EurActiv: Unlocking Europe’s business potential

02 February 2016

With the Commission’s strong leadership on Capital Markets Union, Europe can give its dynamic businesses the tools they need to turn 2016 into the year of the unicorn, writes Michael Collins.

At the centre of this shift is the European Commission’s Capital Markets Union Action Plan which seeks to increase funding options for Europe's businesses and to break down cross-border barriers to the free movement of capital.

These proposals, being driven by Commissioner Jonathan Hill, strike me as being different to so many of the regulatory initiatives I’ve seen during my time in Brussels, mainly because the Action Plan sets clear priorities for early action. We have already seen the publication of the revised Prospectus Directive, which aims to alleviate the administrative burdens and costs for companies seeking to raise finance on Europe’s public markets.

This practical step will unlock capital for thousands of entrepreneurs and help reinvigorate capital markets across Europe. Critically, the Prospectus Directive revision serves to show that practicality is at the heart of the Commission’s proposals. This is something I witnessed first-hand when Commissioner Hill recently toured London’s Tech City to listen to the opinions of the founders and backers of three dynamic young UK businesses: Secret Escapes, iZettle and Algomi.

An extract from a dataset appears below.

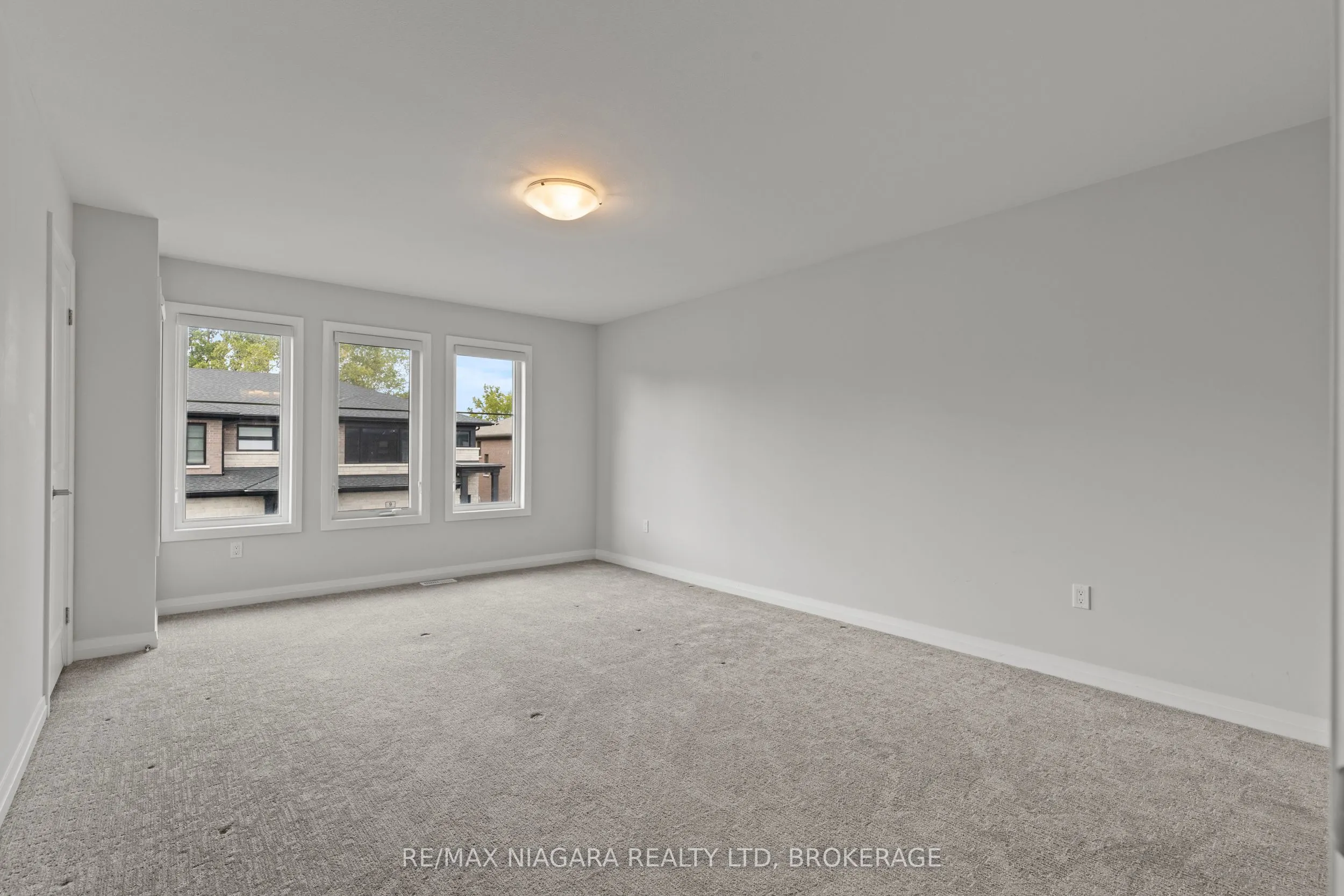 4552 Portage Road, #23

What is clear is that this principle of free movement of capital and the current sense of momentum must not die. The last year has demonstrated beyond all doubt that European entrepreneurs can build and scale up companies.

So what could this coming year hold to help unlock Europe’s untapped potential?

A fully functioning venture capital market is crucial in helping small and medium sized enterprises become global champions and increase the dynamism of our economy. If European venture capital markets were as mature as those in the US, Jonathan Hill said in his speech to launch the Capital Markets Union Action Plan, companies would have raised an extra €90 billion over the last five years.

The proposals to create a pan-European venture capital ‘fund-of-funds’ – on which the Commission is set to provide further details later this year – will be critical. At around €60 million, the average European venture capital fund is only half the size of that in the US. Given large institutional investors, including pension funds and insurers, are often unable to commit less than €20 million to make their asset allocation efficient and effective, many who may otherwise want to commit to a venture fall at the first hurdle.

I’m hoping 2016 will be the year a model that encourages more institutional investor participation in the asset class is introduced. Let me be clear, this is not about putting ever more public money into the asset class: 35% of capital currently committed to European ventures already comes from national and regional governments in Europe and the European Investment Fund. This is about leveraging these funds, increasing the scale of venture capital funds and using them as a catalyst for private sector investment.

Fund-of-funds managers have experience of working and attracting mainstream investors, which could include Canadian pension funds, Asian sovereign wealth funds and European insurers. They also possess the skills required to identify and invest in managers capable of consistently delivering the best returns. Not all companies have this ability or can point to a sufficiently long track record to attract the financial support they need to evolve.